*Exercise directions:*
There is one span to output from the data below: the lines starting at the line with "Another thing you" and ending at the line with "And for your". Output it exactly, ends included, nothing more.

*Exercise inputs:*
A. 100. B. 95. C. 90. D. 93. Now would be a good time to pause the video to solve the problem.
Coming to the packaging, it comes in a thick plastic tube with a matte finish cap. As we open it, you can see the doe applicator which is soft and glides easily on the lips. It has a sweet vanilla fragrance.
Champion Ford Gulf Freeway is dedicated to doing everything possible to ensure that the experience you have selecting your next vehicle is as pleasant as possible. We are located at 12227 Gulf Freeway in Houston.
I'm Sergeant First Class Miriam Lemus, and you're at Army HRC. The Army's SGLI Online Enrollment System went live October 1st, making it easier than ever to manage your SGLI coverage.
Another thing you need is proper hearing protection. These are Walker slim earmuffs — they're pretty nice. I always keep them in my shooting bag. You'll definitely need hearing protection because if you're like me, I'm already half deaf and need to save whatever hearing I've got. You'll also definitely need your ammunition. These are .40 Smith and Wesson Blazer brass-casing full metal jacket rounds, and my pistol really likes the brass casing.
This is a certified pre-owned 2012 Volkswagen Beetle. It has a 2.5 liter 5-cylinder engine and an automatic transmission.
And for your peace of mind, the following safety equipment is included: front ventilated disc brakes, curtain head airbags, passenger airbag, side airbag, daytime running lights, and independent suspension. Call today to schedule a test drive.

==

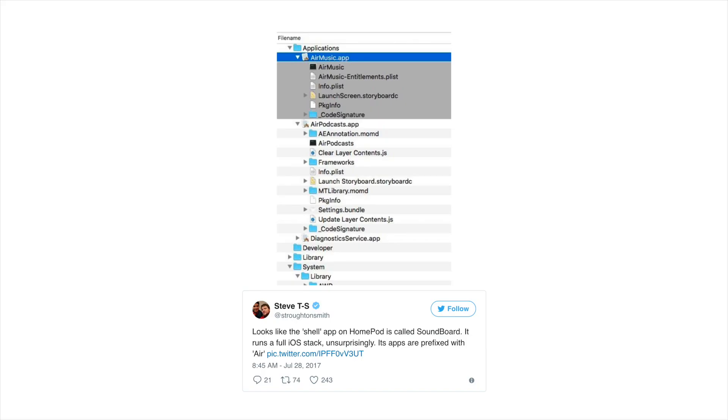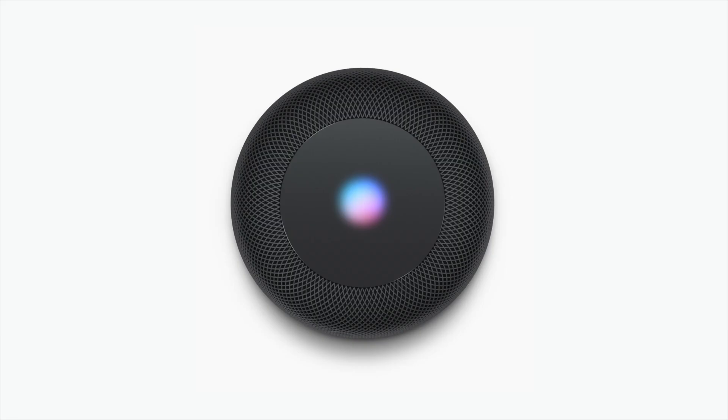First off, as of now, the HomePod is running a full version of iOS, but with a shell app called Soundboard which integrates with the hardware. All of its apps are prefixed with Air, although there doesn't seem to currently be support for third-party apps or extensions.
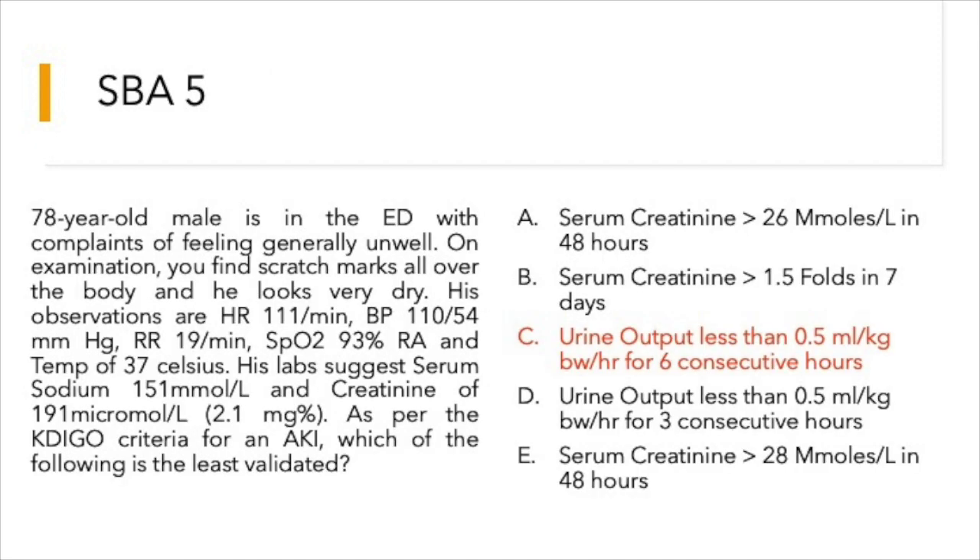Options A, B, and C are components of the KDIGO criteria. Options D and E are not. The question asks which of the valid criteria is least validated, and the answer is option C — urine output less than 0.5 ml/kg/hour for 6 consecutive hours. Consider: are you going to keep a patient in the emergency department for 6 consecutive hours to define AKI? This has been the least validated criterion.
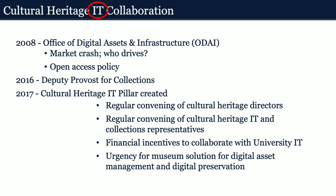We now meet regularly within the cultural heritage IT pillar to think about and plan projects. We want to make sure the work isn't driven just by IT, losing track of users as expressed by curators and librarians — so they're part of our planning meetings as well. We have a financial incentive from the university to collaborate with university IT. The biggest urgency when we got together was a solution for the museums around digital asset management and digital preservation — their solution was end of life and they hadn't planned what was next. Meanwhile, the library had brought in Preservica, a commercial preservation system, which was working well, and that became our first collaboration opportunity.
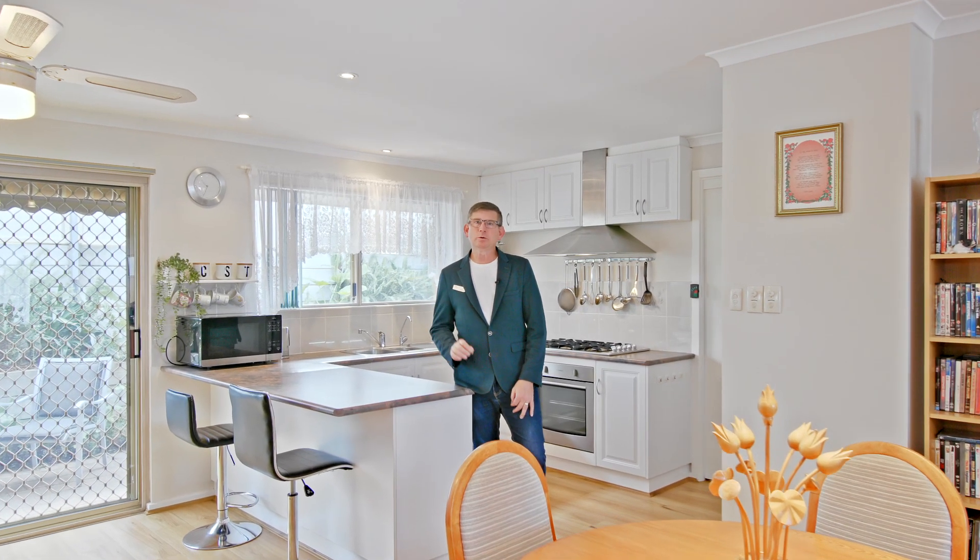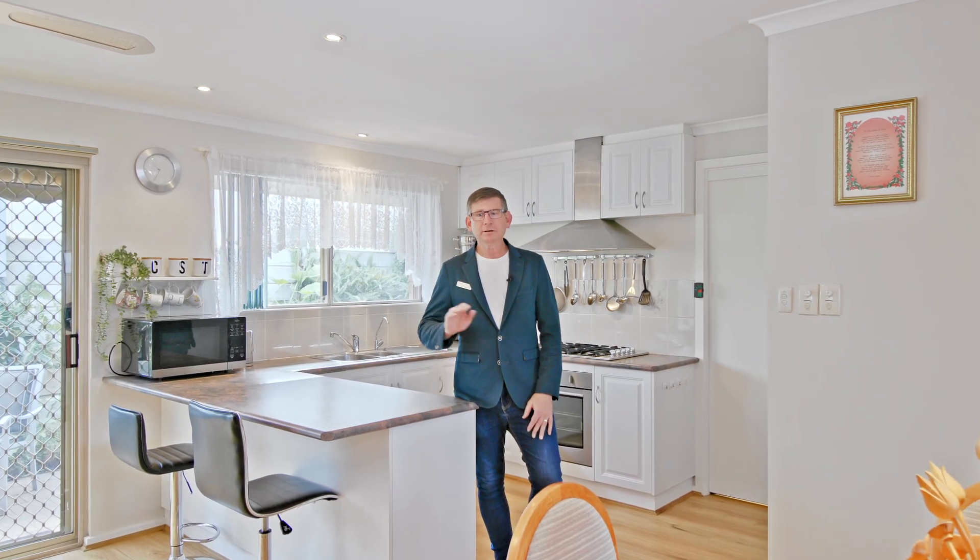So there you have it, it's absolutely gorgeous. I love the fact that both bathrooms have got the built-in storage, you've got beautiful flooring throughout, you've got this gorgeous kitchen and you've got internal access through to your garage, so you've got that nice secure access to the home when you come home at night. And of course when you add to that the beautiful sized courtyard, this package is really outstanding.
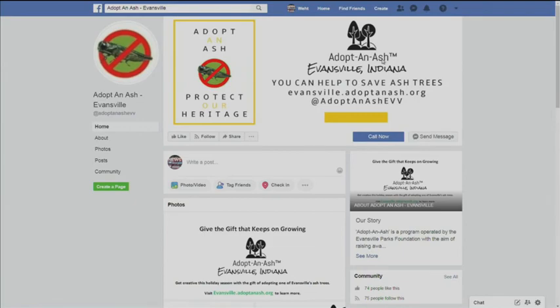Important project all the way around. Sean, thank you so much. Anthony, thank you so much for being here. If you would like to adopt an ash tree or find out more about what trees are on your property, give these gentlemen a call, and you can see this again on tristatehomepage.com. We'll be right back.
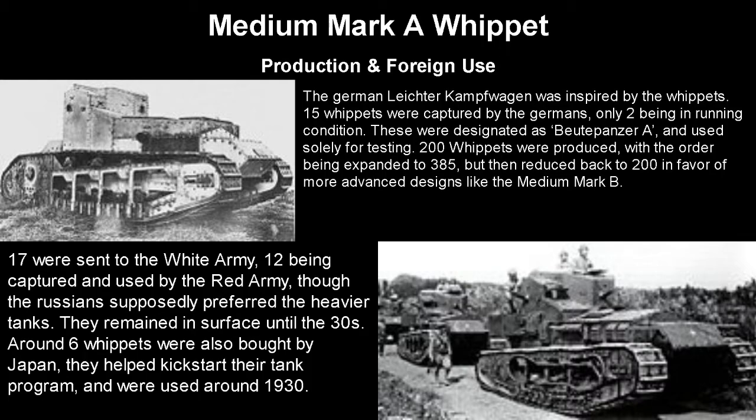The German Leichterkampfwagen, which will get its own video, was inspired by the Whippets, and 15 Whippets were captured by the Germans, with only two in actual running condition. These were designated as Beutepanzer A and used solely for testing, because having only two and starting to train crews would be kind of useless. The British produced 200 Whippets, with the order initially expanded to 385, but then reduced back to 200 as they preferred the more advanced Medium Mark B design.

*Answer to the exercise:*
Another thing you need is proper hearing protection. These are Walker slim earmuffs — they're pretty nice. I always keep them in my shooting bag. You'll definitely need hearing protection because if you're like me, I'm already half deaf and need to save whatever hearing I've got. You'll also definitely need your ammunition. These are .40 Smith and Wesson Blazer brass-casing full metal jacket rounds, and my pistol really likes the brass casing.
This is a certified pre-owned 2012 Volkswagen Beetle. It has a 2.5 liter 5-cylinder engine and an automatic transmission.
And for your peace of mind, the following safety equipment is included: front ventilated disc brakes, curtain head airbags, passenger airbag, side airbag, daytime running lights, and independent suspension. Call today to schedule a test drive.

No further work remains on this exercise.